Other than that, it's not a bad game. The graphics are so intensive that with the settings at their highest, I was only able to get about 30 fps. My PC is not exactly a punk rig. I'm running a core i& 920, 6 gigs of OCZ Gold, and a GTX 570 for my GPU. But with the settings on medium, I was getting a solid 55-60 fps the whole game, and it still looked pretty amazing.
The mechanics are improved from previous installments. For example, if you are spotted or attack someone outright, the entire world won't become aware of your actions so long as you take care of the person before he is able to call for help. This broke down a couple of times during my play, but it wasn't terribly egregious.
The only other thing that bothered me was the disguise system in general.
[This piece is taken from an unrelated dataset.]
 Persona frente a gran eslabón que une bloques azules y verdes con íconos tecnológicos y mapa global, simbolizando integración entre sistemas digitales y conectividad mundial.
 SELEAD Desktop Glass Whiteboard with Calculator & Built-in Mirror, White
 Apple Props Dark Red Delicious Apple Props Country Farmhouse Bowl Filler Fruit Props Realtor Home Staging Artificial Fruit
If you're wearing the same clothing as some other NPC, such as a police uniform, they'll notice that there's something off about you because they don't recognize you. This is pretty ridiculous because you sit and wonder to yourself how one Chicago cop would somehow be so familiar with every single cop in Chicago that he'd be able to point you out as an impostor.
Also, there's a mission in which all your enemies are wearing masks. I thought to myself, "thank God, I can mask myself and walk around unaccosted." Wrong. 47 dons every part of the disguise EXCEPT the mask. Somehow, we're supposed to believe that the greatest assassin ever wouldn't think to wear a mask to avoid detection--and we're not supposed to believe that such a decision was made on the part of the developers simply to make the mission more difficult.
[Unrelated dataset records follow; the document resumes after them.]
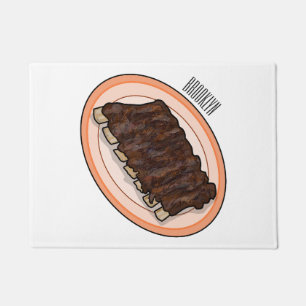Short ribs cartoon illustration doormat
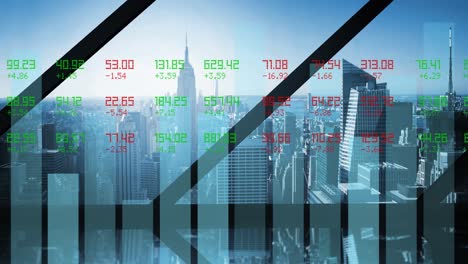 animation of data processing and statistics recording over cityscape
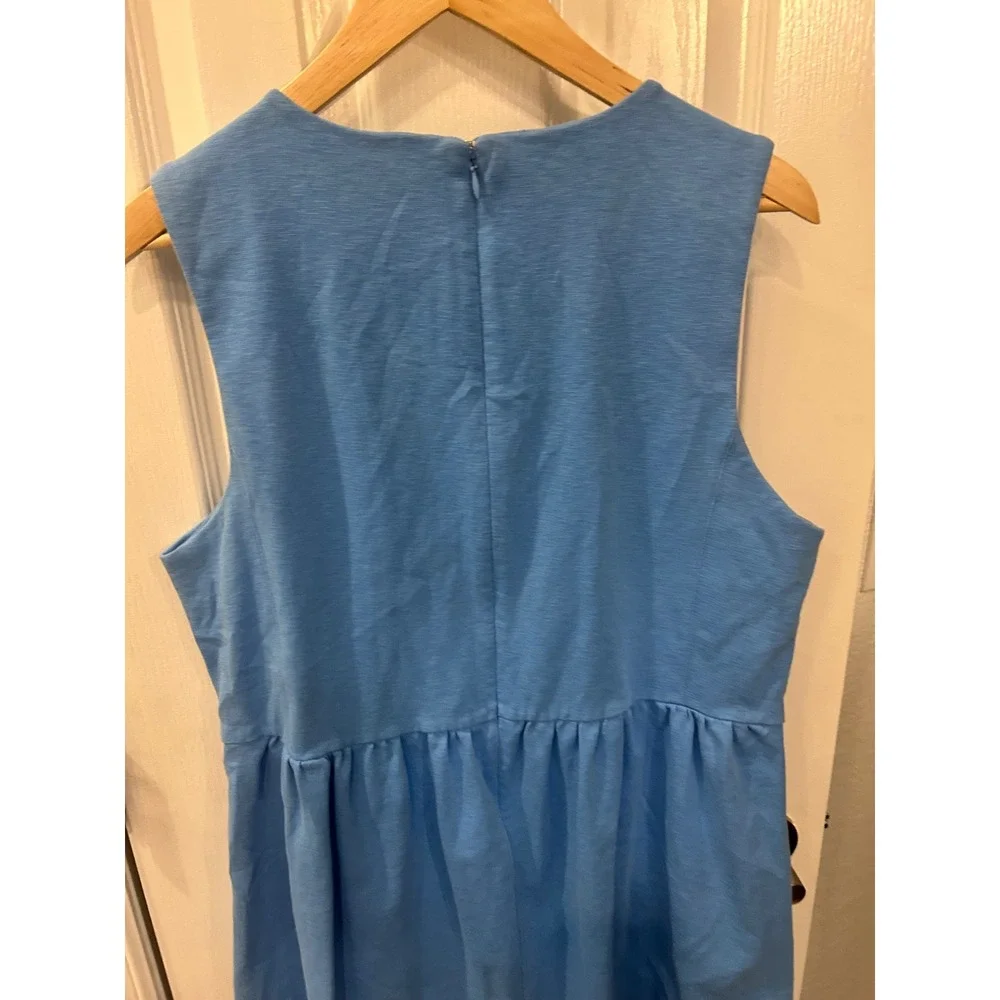 J.Crew Sleeveless Fit and Flare‎ Cotton Slub Dress Blue XL C0250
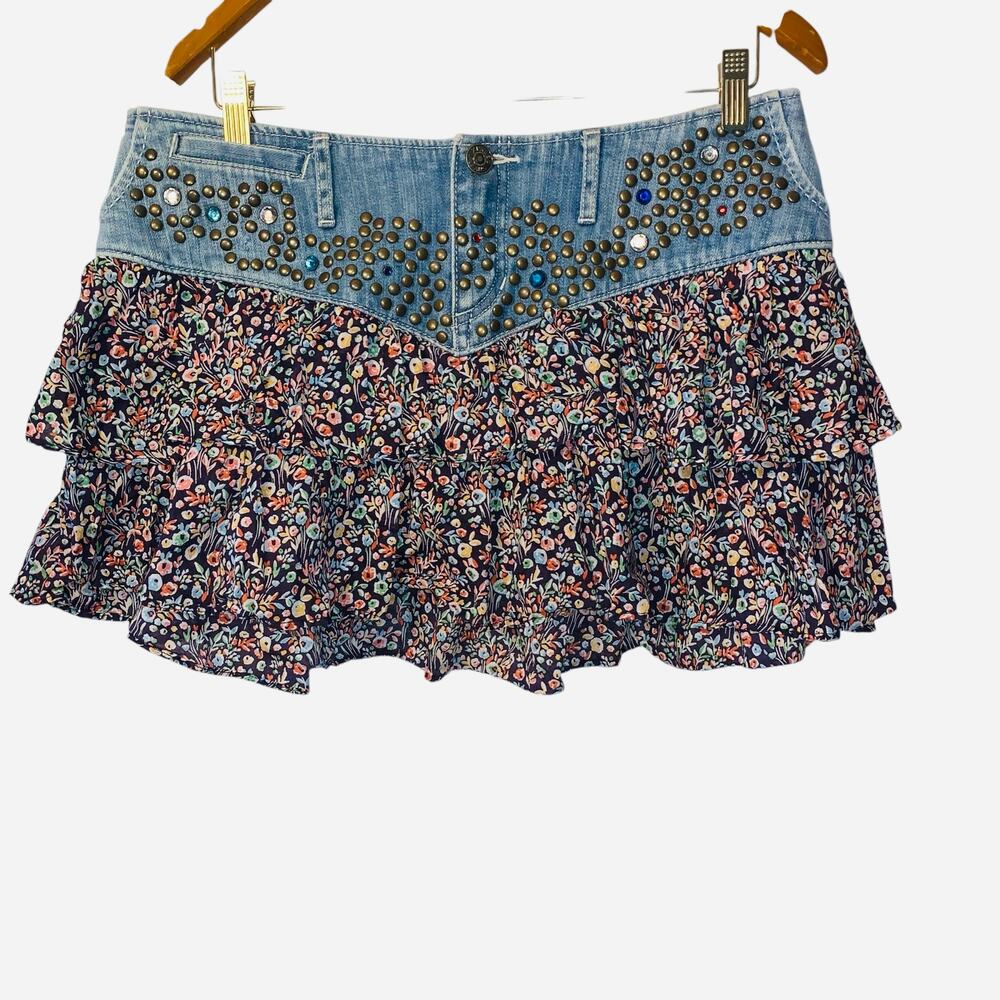 Express Jeans Floral Bejeweled Mini Skirt sz 10 - Picture 4 of 12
Other than those gripes, the game was pretty okay. This counts as the dumbass idea of the week because I sort of feel like I wasted a lot of my time failing every mission 40 times. Is it a good game? Yes. Is it worth $60? No.
I'd say it's worth about $40.00. The graphics are great, and they fixed a lot of silly mechanics from previous installments. But the $20.00 comes off when you consider that they also added some broken mechanics which counteract the ones they fixed, and I feel they made way too many concessions on mission design and overall game theme, likely to pander to the asshat kids these days who simply have to have all action, all the time.